= Joseph O'Leary (journalist) =

Irish journalist and songwriter (c. 1795–1845)

Joseph O'Leary (c. 1795 – 1845) was an Irish journalist and songwriter.

==Life and career==
O'Leary was born in Cork in about 1795. In his youth he joined a company of strolling players, but his theatrical experience was short, as the manager was insolvent.

About 1818 he commenced to write for the Cork papers — notably, the Freeholder, a scurrilous sheet which was edited by John Boyle, and lasted till 1842. O'Leary's contributions were considered very powerful, and it was in its columns his Bacchanalian song, 'Whiskey, drink divine,' appeared. About 1818 he also wrote for the Bagatelle, a short-lived Cork periodical; and for a time he edited the Cork Mercantile Reporter.

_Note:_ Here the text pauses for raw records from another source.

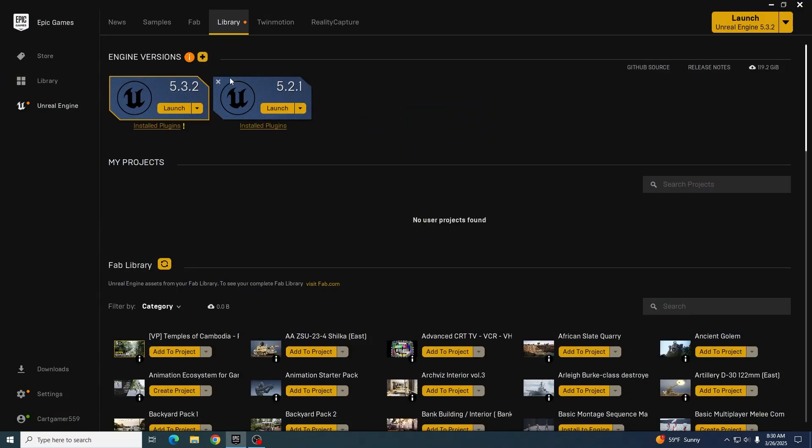This is how you go ahead and get Unreal multi-user working. First, you have to make sure you pick the version of Unreal that everyone else will be using, as the server will only show up for clients using the same Unreal version as the server. So in this case, it will be 5.2.1.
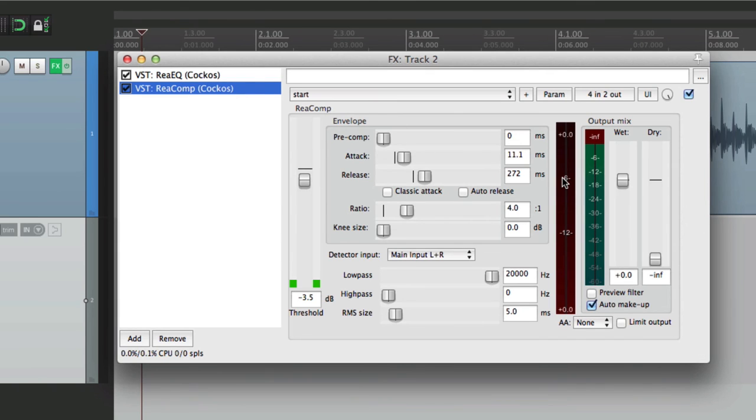So anyway, that's how you create default effects or plugins on new tracks in Reaper. I hope you learned something. I hope you can use it. And I'll see you next time. Thanks.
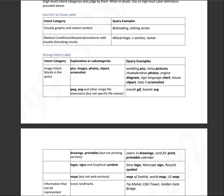It'll be wedding pics, lamp pictures, rhododendron photos, engine diagram, sign language chart, house clip art, halo 5 screenshot, JPEG files, mouth GIF, bow SVG. Those are images files. Now they are ending in a file extension. Those file extensions include JPEG, PNG, SVG, what have you. You can do your own research in regard to those file extensions.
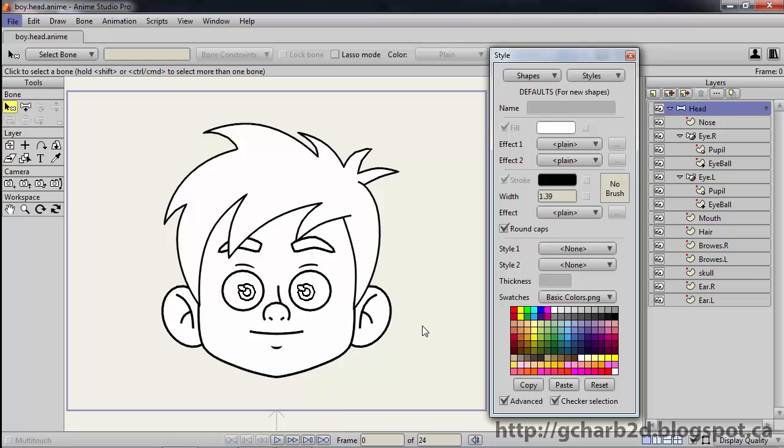Hello everyone, in this video tutorial we will have a look at styles in Anime Studio. Styles are a way to apply colors and strokes to vector shapes.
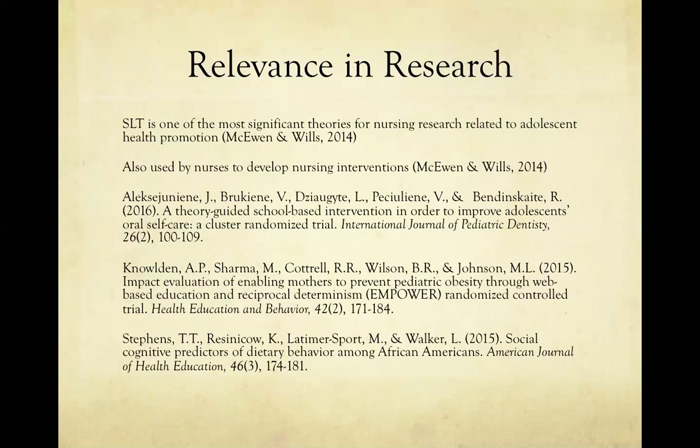McEwen and Wills provide an example in a study conducted by Lynn in 2012 who studied the effects of a regular community-based physical activity program on metabolic parameters using social cognitive theory. The study found that regular physical activity significantly decreased the risk for metabolic syndrome.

Between 1825 and 1828 he contributed to Bolster's Cork Quarterly, and to two London periodicals, the Dublin and London Magazine and Captain Rock in London. The biographer Richard Ryan, who seems to have known him, says in his Poets and Poetry (1826), that he was, in 1826, preparing a translation of Tibullus. In 1830 O'Leary published a pamphlet On the Late Election in Cork, under the signature of A Reporter. There are also some poems by him in Patrick O'Kelly's Hippocrene (1831); and in 1833 a small collection of his poems and sketches appeared at Cork in an anonymous volume, entitled The Tribute.

In 1834 he came to London and joined the staff of the Morning Herald as parliamentary reporter. He seems to have met with little success in London, and drowned himself in the Regent's Canal about 1845.